Chi attraversa il deserto di Sonora o il Canale di Sicilia ha il diritto di essere salvato, ma costoro partono perché gli è stato negato un altro diritto: quello di restare a casa loro. E spesso proprio le politiche portate avanti dai paladini dell’accoglienza hanno negato tale diritto ancestrale. Lo hanno negato ai giovani messicani come ai giovani italiani ed è per lavarsi la coscienza che i politici della sinistra globalista tessono le lodi dell’immigrazione.

Quando lavoravo nella cooperazione pensavo che soltanto la solidarietà internazionale fosse la risposta. Oggi, nonostante continui a sostenere un’organizzazione che non ha mai tradito la mia fiducia, credo che il mio ragionamento fosse egoista. Perché poneva al centro, sempre e comunque, l’uomo bianco. L’uomo bianco che toglie e l’uomo bianco che dà. Ci sono aree del mondo dove i danni dell’occidente sono ormai irreparabili senza un ulteriore intervento occidentale. Tuttavia la risposta non può essere “aiutiamoli a casa loro”. E non perché si tratta di una risposta di destra, ma perché spesso l’Occidente ha aiutato solo per poter dormire di notte. L’ha fatto per sentirsi meno in colpa, come chi fa dieci minuti di esercizi mattutini per poter mangiare a volontà a pranzo. È questa, alla lunga, la risposta che migliorerà l’Africa o il Centro-America?

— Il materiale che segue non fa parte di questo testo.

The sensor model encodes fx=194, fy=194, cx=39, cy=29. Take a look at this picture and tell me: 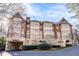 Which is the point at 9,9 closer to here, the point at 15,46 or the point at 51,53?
the point at 15,46

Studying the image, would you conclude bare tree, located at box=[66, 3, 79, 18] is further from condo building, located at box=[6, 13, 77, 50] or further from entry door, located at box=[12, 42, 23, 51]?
entry door, located at box=[12, 42, 23, 51]

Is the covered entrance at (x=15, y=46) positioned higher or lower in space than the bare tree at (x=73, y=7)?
lower

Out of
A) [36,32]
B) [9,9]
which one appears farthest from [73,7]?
[9,9]

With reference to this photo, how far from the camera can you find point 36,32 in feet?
4.92

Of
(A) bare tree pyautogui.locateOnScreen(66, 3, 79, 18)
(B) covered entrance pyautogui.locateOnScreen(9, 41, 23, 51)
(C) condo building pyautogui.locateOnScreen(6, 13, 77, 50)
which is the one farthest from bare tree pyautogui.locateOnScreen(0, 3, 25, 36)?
(A) bare tree pyautogui.locateOnScreen(66, 3, 79, 18)

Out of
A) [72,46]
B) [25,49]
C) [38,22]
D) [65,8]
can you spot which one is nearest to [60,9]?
[65,8]

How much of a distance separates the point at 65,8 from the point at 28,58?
0.49 metres

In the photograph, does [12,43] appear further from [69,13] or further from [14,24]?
[69,13]

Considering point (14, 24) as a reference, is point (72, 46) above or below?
below

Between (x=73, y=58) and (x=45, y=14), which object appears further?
(x=45, y=14)

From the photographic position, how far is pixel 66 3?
155cm

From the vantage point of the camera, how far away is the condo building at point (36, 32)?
58.3 inches

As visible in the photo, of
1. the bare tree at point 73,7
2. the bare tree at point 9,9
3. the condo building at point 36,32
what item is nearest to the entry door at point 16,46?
the condo building at point 36,32

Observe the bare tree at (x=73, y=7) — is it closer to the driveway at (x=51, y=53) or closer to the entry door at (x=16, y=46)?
the driveway at (x=51, y=53) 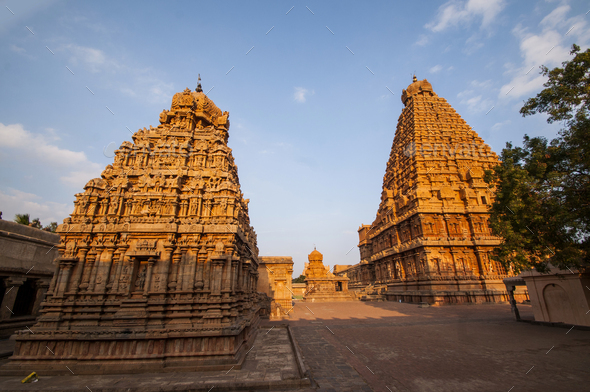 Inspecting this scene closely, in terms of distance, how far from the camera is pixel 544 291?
15328 mm

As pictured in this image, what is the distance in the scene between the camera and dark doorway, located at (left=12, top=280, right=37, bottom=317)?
1580 centimetres

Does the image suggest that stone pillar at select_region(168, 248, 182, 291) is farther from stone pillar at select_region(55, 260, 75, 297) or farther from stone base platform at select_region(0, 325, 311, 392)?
stone pillar at select_region(55, 260, 75, 297)

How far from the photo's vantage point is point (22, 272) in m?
15.1

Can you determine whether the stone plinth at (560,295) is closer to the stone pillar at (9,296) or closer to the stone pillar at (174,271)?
the stone pillar at (174,271)

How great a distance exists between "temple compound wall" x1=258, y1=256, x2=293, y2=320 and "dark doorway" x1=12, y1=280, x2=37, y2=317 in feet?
52.7

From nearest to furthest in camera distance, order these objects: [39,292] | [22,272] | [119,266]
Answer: [119,266] < [22,272] < [39,292]

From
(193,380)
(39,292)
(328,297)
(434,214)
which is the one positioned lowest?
(193,380)

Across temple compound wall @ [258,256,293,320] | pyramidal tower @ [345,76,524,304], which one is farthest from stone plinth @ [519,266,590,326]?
temple compound wall @ [258,256,293,320]

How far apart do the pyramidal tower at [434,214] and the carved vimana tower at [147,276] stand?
25.8 meters

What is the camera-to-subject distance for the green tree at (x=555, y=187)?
10.4m

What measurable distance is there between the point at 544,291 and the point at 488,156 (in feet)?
98.8

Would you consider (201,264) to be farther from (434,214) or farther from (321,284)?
(321,284)

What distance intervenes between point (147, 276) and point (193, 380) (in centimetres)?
449

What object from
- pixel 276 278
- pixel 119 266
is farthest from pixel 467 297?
pixel 119 266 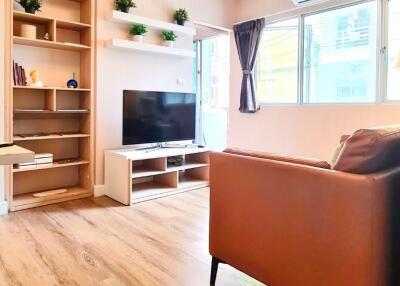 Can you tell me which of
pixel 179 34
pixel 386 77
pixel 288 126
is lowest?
pixel 288 126

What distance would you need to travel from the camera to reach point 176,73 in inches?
180

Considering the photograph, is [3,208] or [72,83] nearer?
[3,208]

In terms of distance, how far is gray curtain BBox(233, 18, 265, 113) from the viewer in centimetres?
468

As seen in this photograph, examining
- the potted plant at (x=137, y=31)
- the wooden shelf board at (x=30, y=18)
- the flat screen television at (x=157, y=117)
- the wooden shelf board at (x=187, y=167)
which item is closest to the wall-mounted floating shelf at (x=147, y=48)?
the potted plant at (x=137, y=31)

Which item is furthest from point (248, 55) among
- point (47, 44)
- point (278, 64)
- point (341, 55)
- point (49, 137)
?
point (49, 137)

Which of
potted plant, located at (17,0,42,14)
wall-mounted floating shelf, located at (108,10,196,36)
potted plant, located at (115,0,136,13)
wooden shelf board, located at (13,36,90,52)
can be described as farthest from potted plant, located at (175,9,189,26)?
potted plant, located at (17,0,42,14)

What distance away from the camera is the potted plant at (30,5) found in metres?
3.24

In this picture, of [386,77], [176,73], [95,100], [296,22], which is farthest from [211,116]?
[386,77]

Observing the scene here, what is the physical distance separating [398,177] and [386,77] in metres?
2.65

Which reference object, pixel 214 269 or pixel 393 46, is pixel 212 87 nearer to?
pixel 393 46

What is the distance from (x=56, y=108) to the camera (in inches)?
142

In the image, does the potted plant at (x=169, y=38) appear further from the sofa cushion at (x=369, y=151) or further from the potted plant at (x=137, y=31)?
the sofa cushion at (x=369, y=151)

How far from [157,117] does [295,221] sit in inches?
108

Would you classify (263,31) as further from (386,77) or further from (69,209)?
(69,209) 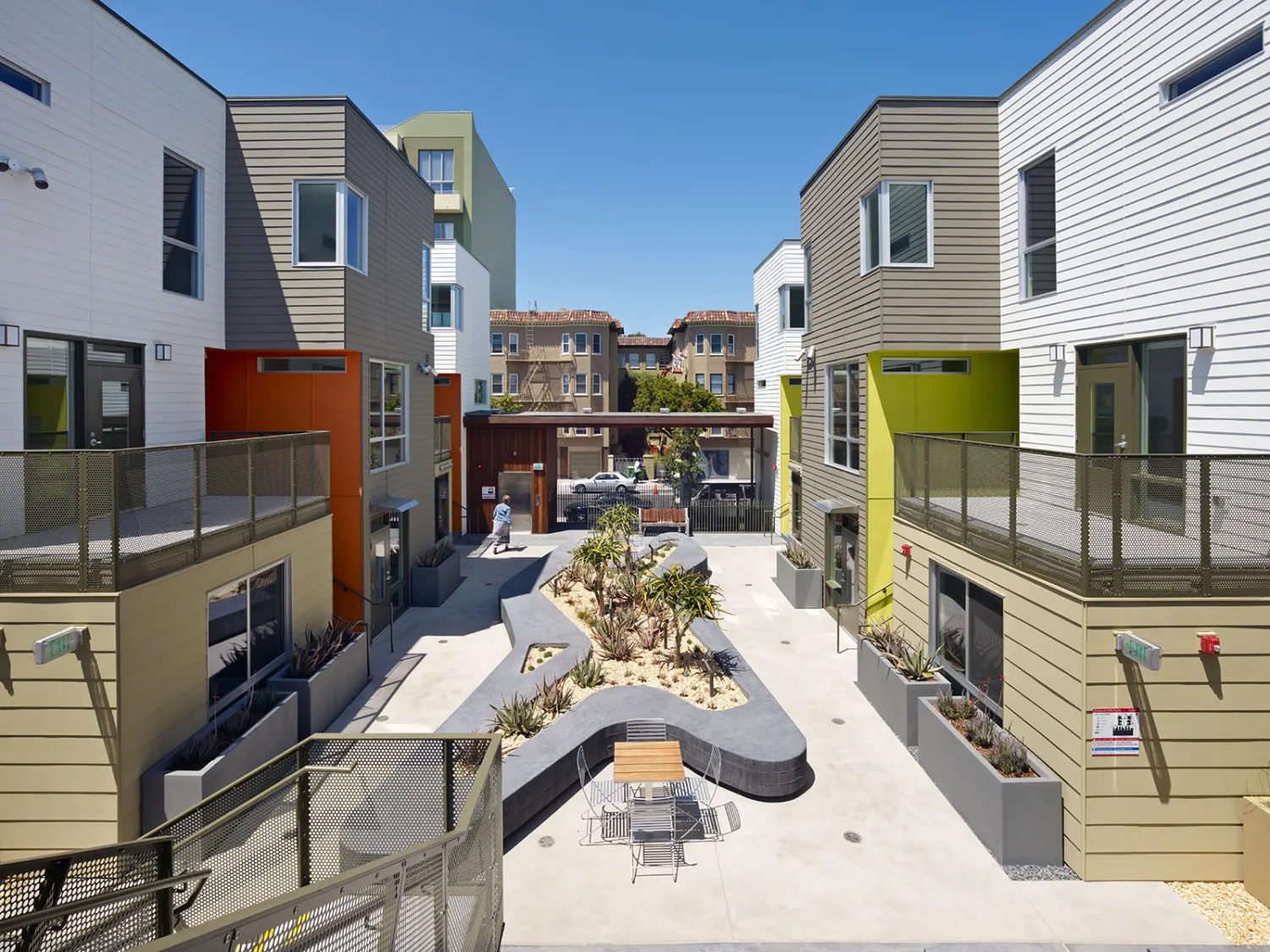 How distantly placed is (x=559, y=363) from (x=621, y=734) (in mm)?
42032

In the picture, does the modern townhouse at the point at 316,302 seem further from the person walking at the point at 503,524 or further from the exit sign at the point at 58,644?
the person walking at the point at 503,524

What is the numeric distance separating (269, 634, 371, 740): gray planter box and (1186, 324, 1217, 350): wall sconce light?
36.1 feet

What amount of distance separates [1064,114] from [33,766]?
1418 centimetres

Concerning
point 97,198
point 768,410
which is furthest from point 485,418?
point 97,198

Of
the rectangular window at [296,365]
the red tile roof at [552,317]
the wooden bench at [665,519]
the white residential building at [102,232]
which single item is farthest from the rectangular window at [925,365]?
the red tile roof at [552,317]

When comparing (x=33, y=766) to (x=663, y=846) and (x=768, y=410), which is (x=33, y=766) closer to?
(x=663, y=846)

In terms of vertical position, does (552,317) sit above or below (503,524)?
above

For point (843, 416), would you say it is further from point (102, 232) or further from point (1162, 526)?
point (102, 232)

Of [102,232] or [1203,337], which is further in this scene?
[102,232]

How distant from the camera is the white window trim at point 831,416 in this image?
1373 centimetres

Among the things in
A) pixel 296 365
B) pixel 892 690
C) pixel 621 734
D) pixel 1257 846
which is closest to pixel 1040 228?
pixel 892 690

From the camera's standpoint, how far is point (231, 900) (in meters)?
5.17

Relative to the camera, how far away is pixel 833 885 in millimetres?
6848

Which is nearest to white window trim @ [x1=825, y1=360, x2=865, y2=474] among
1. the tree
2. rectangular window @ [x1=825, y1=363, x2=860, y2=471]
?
rectangular window @ [x1=825, y1=363, x2=860, y2=471]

Si parla tanto dei diritti delle minoranze. D’accordo, e dei diritti della maggioranza chi se ne occupa? Non mi riferisco soltanto a quella maggioranza che nei quartieri popolari vive il dramma dell’insicurezza legata alla mancanza di gestione dei flussi migratori. Mi riferisco a quella maggioranza di africani o centro-americani che per affetto, orgoglio o vecchiaia non lascerà la propria casa. Molti di loro non aspettano qualcuno che li salvi, gli basterebbe essere lasciati in pace.